## [What the task asks]
Where a line below holds the string "Food", copy that line.
--- Input for this task Enclosed Below ---
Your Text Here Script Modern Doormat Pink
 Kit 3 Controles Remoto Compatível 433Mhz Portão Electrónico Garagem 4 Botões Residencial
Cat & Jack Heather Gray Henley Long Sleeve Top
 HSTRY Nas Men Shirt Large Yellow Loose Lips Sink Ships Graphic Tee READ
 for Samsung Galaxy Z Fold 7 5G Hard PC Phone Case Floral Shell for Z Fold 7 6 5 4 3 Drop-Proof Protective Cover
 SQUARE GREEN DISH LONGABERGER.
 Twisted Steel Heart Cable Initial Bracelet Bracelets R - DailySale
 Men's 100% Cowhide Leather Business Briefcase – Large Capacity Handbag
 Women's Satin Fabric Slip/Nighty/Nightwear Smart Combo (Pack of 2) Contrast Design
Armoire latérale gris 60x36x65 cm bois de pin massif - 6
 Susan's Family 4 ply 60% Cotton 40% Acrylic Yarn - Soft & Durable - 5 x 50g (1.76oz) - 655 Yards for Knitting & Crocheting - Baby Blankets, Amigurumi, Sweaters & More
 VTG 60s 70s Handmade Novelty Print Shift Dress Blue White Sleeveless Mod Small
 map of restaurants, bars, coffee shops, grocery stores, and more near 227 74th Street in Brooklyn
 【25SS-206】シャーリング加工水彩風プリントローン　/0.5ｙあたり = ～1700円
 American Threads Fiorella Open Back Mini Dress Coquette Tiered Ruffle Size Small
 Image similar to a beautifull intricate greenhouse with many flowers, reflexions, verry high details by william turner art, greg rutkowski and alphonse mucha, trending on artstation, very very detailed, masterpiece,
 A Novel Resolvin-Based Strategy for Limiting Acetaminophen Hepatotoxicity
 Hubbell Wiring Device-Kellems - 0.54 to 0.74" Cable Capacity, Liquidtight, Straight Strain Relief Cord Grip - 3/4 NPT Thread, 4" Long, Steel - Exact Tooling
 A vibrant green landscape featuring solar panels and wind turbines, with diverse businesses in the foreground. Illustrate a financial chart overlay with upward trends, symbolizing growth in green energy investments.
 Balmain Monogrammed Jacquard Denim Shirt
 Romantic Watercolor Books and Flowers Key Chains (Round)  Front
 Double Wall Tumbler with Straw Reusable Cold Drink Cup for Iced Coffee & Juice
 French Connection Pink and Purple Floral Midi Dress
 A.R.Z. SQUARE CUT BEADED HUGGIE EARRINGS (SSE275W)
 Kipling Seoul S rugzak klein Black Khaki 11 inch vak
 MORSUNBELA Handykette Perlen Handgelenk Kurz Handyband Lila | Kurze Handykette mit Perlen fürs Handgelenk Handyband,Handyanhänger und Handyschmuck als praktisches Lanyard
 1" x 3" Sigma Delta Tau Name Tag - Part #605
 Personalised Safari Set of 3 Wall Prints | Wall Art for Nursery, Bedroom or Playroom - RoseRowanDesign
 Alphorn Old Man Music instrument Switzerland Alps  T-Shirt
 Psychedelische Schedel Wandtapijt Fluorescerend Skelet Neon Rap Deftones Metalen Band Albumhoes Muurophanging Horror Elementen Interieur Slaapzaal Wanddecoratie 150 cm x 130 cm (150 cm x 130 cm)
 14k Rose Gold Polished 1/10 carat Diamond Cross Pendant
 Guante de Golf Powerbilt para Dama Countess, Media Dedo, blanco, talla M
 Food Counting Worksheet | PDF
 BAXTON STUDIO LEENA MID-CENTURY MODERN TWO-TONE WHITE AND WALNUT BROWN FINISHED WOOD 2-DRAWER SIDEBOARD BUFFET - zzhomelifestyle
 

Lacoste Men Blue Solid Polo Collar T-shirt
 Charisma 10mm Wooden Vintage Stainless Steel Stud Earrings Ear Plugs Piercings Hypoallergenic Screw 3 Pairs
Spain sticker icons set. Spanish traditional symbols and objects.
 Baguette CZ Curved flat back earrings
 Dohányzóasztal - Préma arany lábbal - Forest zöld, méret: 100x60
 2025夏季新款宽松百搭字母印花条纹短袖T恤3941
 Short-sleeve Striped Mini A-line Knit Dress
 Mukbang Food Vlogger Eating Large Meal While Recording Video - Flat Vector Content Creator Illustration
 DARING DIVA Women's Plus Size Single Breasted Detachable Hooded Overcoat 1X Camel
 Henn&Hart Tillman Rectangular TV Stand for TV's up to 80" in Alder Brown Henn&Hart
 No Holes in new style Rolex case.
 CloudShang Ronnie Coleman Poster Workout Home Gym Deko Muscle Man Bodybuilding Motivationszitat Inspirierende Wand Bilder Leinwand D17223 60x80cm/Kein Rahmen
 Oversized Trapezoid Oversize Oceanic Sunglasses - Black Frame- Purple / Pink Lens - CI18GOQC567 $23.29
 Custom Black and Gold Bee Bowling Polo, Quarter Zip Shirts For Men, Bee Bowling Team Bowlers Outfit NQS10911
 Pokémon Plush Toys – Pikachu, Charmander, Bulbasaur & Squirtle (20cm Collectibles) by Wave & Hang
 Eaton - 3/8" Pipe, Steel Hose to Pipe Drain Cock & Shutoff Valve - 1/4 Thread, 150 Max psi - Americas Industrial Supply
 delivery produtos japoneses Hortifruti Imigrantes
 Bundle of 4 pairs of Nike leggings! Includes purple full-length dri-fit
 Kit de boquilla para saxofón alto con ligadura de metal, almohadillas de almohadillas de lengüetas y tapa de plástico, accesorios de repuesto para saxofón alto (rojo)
--- End of Enclosed Input for this task ---
## [Result of the exercise]
 Food Counting Worksheet | PDF
 Mukbang Food Vlogger Eating Large Meal While Recording Video - Flat Vector Content Creator Illustration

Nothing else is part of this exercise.